L’avocat général a cru pouvoir justifier cette réformation du jugement par « une attitude républicaine des militants du PPA-CI » notée à l’occasion de la deuxième audition de Damana Adia Pickas, le secrétaire général de du PPA-CI : « l’instruction s’est déroulée en l’absence d’attroupements des militants du PPA-CI ». Ainsi, c’est le comportement global des militants PPA-CI, qui a déterminé la décharge de peine accordée aux prévenus. Me Micheline Bamba a donc eu raison d’affirmer qu’« on les a arrêté parce qu’ils ont affiché leur militantisme ». Nous sommes loin du droit pénal qui sanctionne la faute personnelle du délinquant.
En dépit de cette mesure de dispense de peine, les prévenus demeurent condamnés, avec des conséquences : l’inscription de la condamnation au casier judiciaire, la possibilité d’une exécution de la peine dans l’intervalle de cinq ans s’ils sont condamnés à nouveau dans une autre affaire, l’absence d’effet du sursis sur les peines complémentaires et les déchéances éventuelles, comme la privation de droits civiques.
C’est pour toutes ces raisons que la condamnation avec sursis n’était pas la bonne solution dans ce procès, surtout que rien n’était reproché aux prévenus.
En effet, l’avocat général a eu du mal, devant la qualité de la plaidoirie de la défense (Me Sylvain Tapi, Me Toussaint Dakaud, Me Micheline Bamba et Me Jonas Zadi), à justifier cette condamnation. Les débats ont fait ressortir des éléments pertinents dont la prise en compte aurait pu conduire à l’acquittement des prévenus. Les procès-verbaux d’enquête préliminaire ne mentionnaient aucun acte susceptible de troubler l’ordre public. En dépit d’une caméra au lieu du supposé attroupement, la police n’a pu produire le film des évènements. Et pourtant, cette preuve aurait été irréfutable pour montrer les actes reprochés aux prévenus. De fait il n’y a pas eu d’actes matériels imputés à chacun des prévenus. Or, l’art 179 du code pénal sur le fondement duquel la condamnation a été prononcée exige des « actes ou … manœuvres » (« de nature à compromettre la sécurité publique ou à occasionner des troubles graves à l’ordre public »).

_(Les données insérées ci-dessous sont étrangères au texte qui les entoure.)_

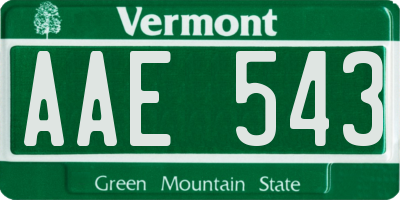 VT license plate AAE543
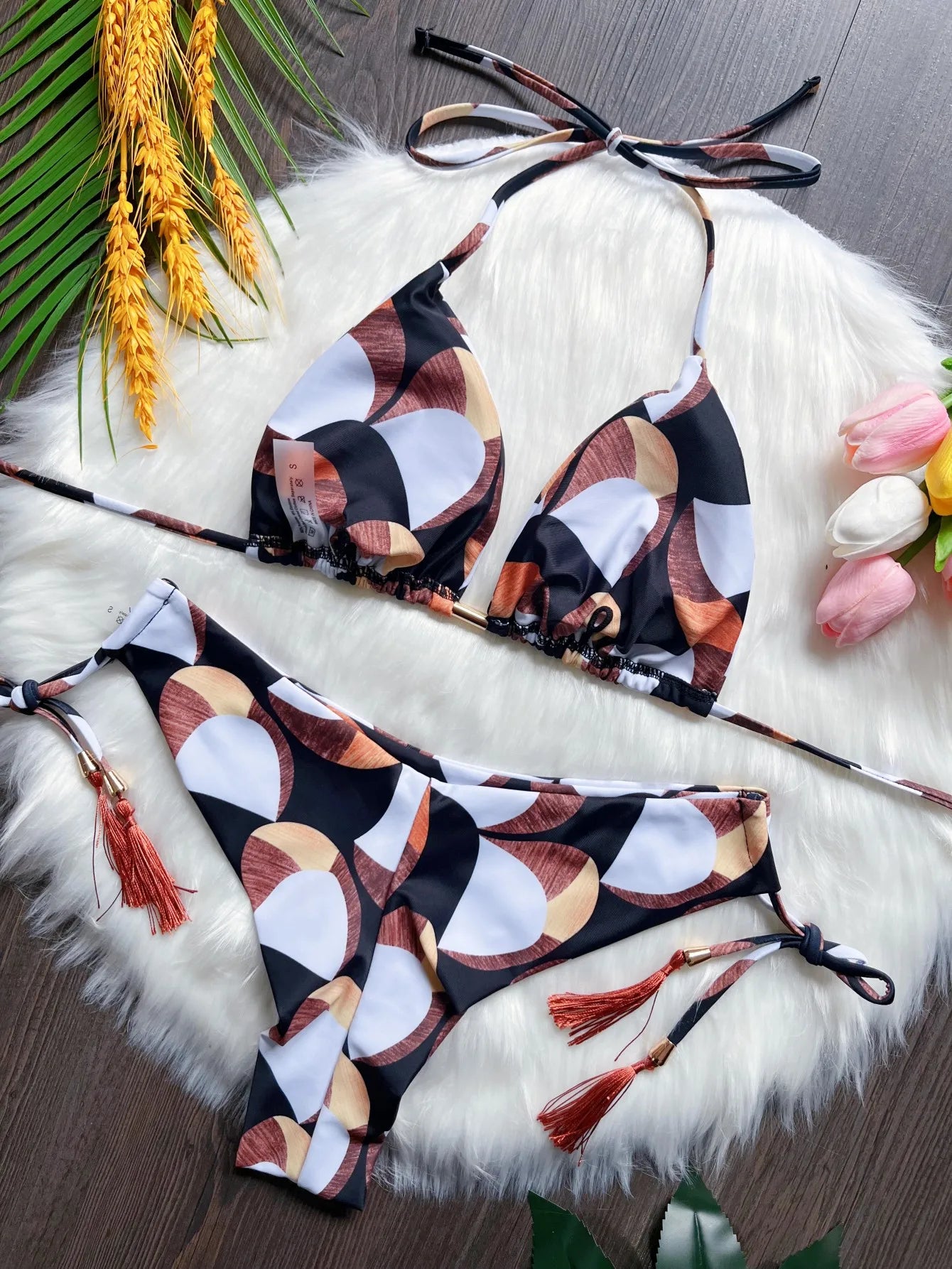 Sexy Print Bandage Bikini Swimsuit Two-piece Triangle Swimwear Bathing Suit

Pour l’avocat général l’acte délictueux imputé aux prévenus résidait dans « la présence massive des militants du PPA-CI » qui ont « convergé en un endroit précis, en un temps précis, un jour précis ». Du point de vue du droit pénal, cette position se défend difficilement dans la mesure ou l’une des conséquences du principe de la responsabilité personnelle, c’est qu’il interdit de retenir une responsabilité pénale collective. Il faut toujours rechercher une faute personnelle pour chacun des membres d’un groupe, dans l’hypothèse d’un dommage causé et imputé à l’action dudit groupe.
Au lieu d’exposer les actes précis de chacun des prévenus, l’avocat général s’est plutôt focalisé sur le membre de phrase « de nature à compromettre la sécurité publique ou à occasionner des troubles graves à l’ordre public ». Car, pour lui, « la présence massive des militants du PPA-CI » pouvait entrainer des vols ou provoquer des accidents. Or, la seule éventualité de survenance desdits actes à l’occasion d’un attroupement ne peut suffire. Autrement les participants aux processions qui accompagnent les défunts au cimetière, les attroupements religieux sur la voie publique en fin de semaine ou encore le déferlement des supporters des éléphants vers le stade Alassane Ouattara tomberaient sous le coup de l’article 179 du code pénal. Cette motivation est donc dangereuse pour la tranquillité publique et la paix sociale.
Ainsi, n’étant pas juridiquement fondée, cette décision devrait encourir la cassation afin de donner la possibilité à une autre juridiction de réexaminer cette affaire au fond. De surcroit, elle n’est pas de nature à réconcilier les ivoiriens avec leur justice qui, au nom de son indépendance, doit faire preuve d’impartialité, et ne pas conforter la population dans la fâcheuse impression qu’elle est instrumentalisée par le pouvoir en place.